Since then, of course, I've found that there are about a million blogs doing approximately what I'm doing, all with slight differences, of course. But J.T. is still special to me, because his art is like nothing I've ever seen; and he introduced me to Ed Winkleman, and without that I wouldn't know anyone.

Of course what you say to any artist you know is "Let me know when you're having a show!" Only J.T. is down in Virginia and, really, when am I ever going to get down there? I'd certainly like to think, if he had a major show as far north as Washington, D.C. or Baltimore, that I'd make an effort to get down there. But who am I kidding? I've lived almost my entire life on a line between Philadelphia and New York City. I'm not going anywhere.

So naturally when J.T. told me about his GREAT IDEA -- to hold a mini-art fair of his own work in his hotel room in New York, where he's holed up for his day job -- I knew I had to be there. I really wanted to be there all three nights, actually, but my life keeps intruding, so I could only go Wednesday.

J.T. Kirkland, Torque, 2006, Ash, Holes, 24x24x1.5 inches I arrived to find that J.T. had managed to convert his small hotel room into a mini-gallery. His work -- mostly wood, with one framed drawing -- hung on the walls, and the bed was covered with his drawings and prints. The room's table became the gallery's front desk, along with postcards, verbiage, price lists, a laptop and a sign-in book. Altogether this was clearly the work of some kind of insane details freak -- just the kind of guy you might expect to spend his spare time drilling hundreds of tiny holes into planks of wood.

J.T. has noted that most people don't care much about wood.

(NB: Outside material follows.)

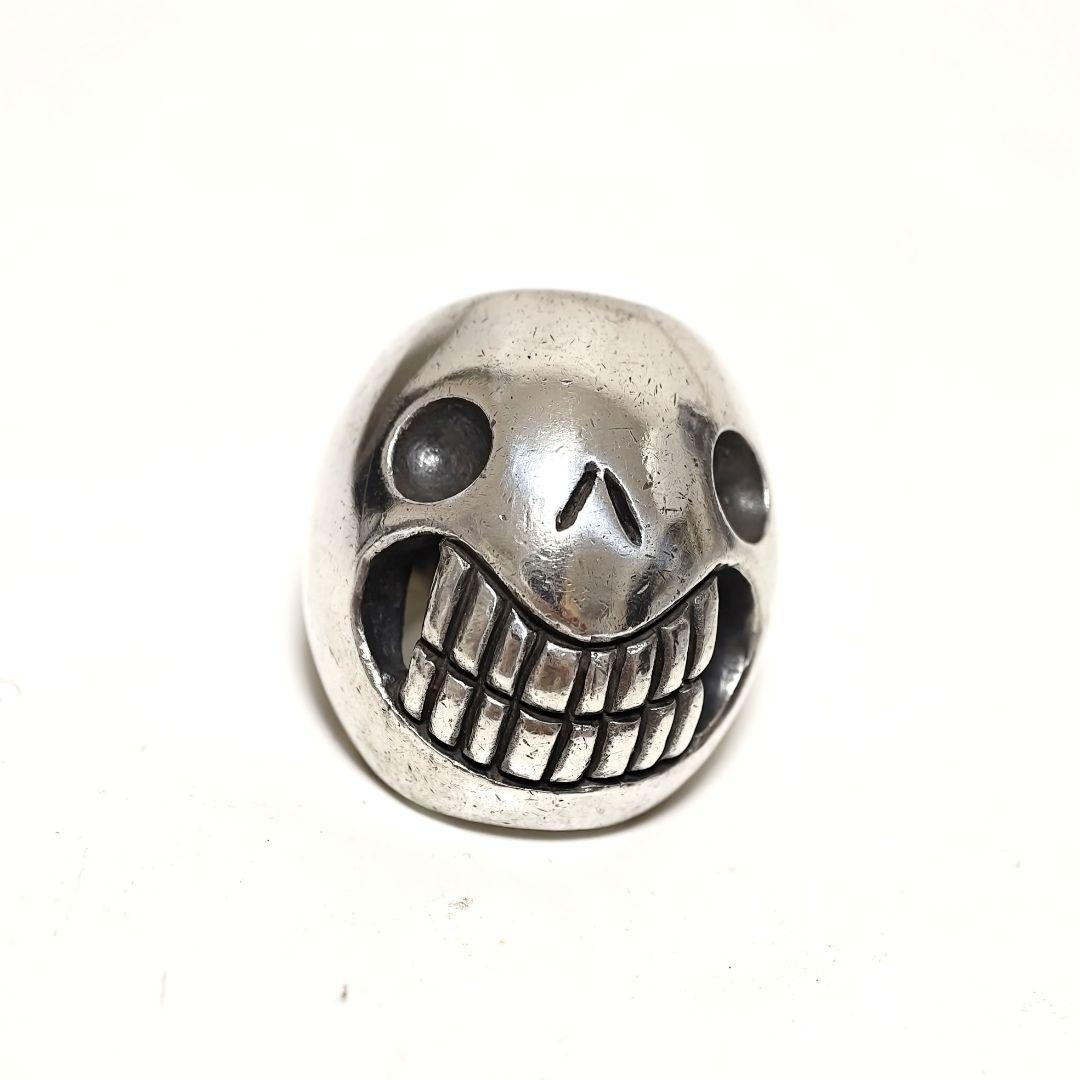 一休 シルバー925 スカルデザイン シルバーアクセサリー 37g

Even other sculptors -- he mentioned Donald Judd -- who use wood don't care about the wood per se. They only care that it's plywood or whatever. And of course any artist who paints on a panel uses wood -- but, J.T. asks, are they really improving on it?

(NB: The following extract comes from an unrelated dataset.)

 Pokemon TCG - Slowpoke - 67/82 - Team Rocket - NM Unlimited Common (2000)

Turning the question around, TJ on J.T.'s blog said that he felt J.T. wasn't improving on the wood -- that in fact the holes distracted viewers from the beauty of the wood itself. Having seen the work in person, I now see that the exact opposite is true. By drilling holes according to his own plan, J.T. calls attention to the wood in a way impossible using just wood alone. His intentional acts -- the holes -- serve to highlight the areas in which his intention has not acted -- the wood grain. In a sense -- although I don't mean this literally, even though it is literal in some of his pieces -- J.T. has put a frame around the wood grain, allowing us to appreciate it as its own sort of random art. Without the frame, it's just wood. It's flooring or furniture or a handrail. With the frame, it's something to look at and appreciate.

One thing that's impossible to appreciate online is the range of sizes in J.T.'s work. Sure, he prints the size next to each JPEG. But it's not the same. Some pieces reminded me of toy blocks while others were quite large. None of them ended up being the size I expected them to be. And of course the depth of the wood grain -- he uses no stain, no varnish, nothing but sanding (he alluded to some secret process he's worked out to enhance the grain) -- the depth of the wood grain can't be reproduced.

J.T. Kirkland, Line IX, 2006, ink on archival scrapbook paper, 12x36.75 inches His drawings are oddly different and yet similar to his wood work. They all share a common sense of some obsessive compulsive working out his energy at the end of the day. His drawings are mostly circles, each carefully -- not to say laboriously -- inked in the style of a turn of the (last) century draftsman. J.T. has taken to using scrapbook paper, which is archival and comes in a wild array of patterns and colors, as the background for his intense scribing. The clash of arts-n-crafts and art makes beautiful music, even when J.T.'s only addition is a dark line slashing arrow straight across the graded stripes of the paper.

At the show J.T. talked with me and Stephanie Lee Jackson, who had beat me there, and a few other people who dropped by, including Cate Nolan and Jim Leonard, who together form a married pair. (The preceding sentence was brought to you by People for Non-preferential Gender References.) Jim, incidentally, is clearly, if you read his Website, entirely insane.

J.T. Kirkland, Underneath, 2005, digital print (edition size 15), 11x8.5 inches Because I was one of the lucky few to visit, J.T. gave me a free print. I chose this one here. Not for any good reason beyond I liked it best out of the ones he had available. J.T. told me it was his favorite. I wonder if he says that to everyone who gets a print.

I'd suggest at this point that everyone go and see his show, but it's gone now. So instead I'd suggest you read his blog, and keep an eye out for his next show. And even if it's in Virginia, you make the trip.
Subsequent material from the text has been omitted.